Required action
Beneath this line are entries. Copy the range from the line with "Hello, I'm Michael" to the line with "My name is Scott", ends included, exactly; leave pictures out.

Input for this task
↓↓↓

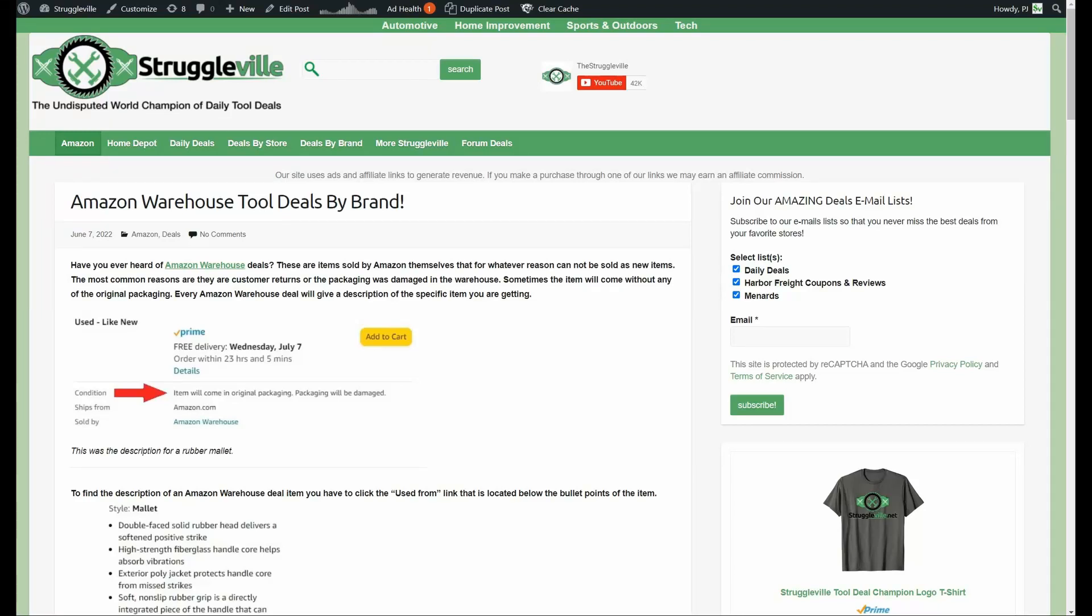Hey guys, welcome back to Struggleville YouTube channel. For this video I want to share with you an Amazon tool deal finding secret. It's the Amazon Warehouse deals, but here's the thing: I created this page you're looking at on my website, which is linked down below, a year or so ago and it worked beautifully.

↑↑↑
↓↓↓

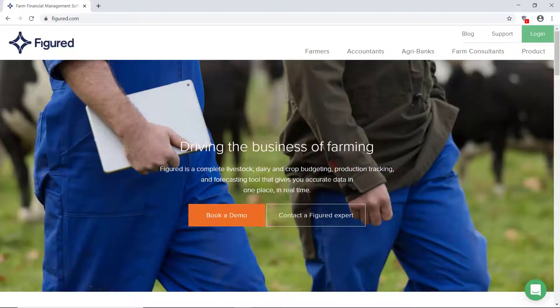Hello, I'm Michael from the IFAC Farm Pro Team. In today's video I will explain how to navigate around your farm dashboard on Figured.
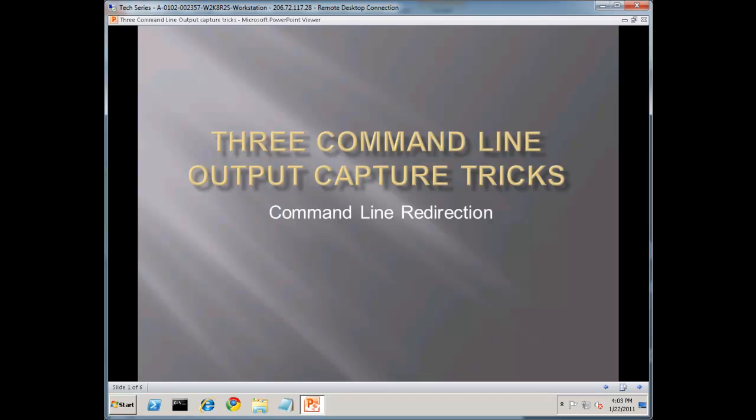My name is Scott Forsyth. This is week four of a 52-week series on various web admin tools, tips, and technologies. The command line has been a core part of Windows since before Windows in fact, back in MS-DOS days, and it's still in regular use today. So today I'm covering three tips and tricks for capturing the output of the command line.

↑↑↑
↓↓↓

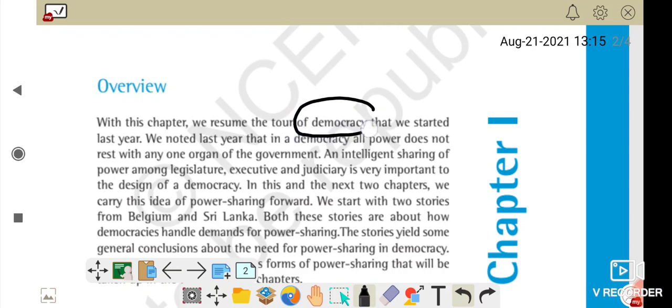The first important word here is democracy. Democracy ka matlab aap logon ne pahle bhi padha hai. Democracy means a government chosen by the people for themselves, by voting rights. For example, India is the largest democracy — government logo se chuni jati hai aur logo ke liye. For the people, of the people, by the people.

↑↑↑

Task output
Hello, I'm Michael from the IFAC Farm Pro Team. In today's video I will explain how to navigate around your farm dashboard on Figured.
My name is Scott Forsyth. This is week four of a 52-week series on various web admin tools, tips, and technologies. The command line has been a core part of Windows since before Windows in fact, back in MS-DOS days, and it's still in regular use today. So today I'm covering three tips and tricks for capturing the output of the command line.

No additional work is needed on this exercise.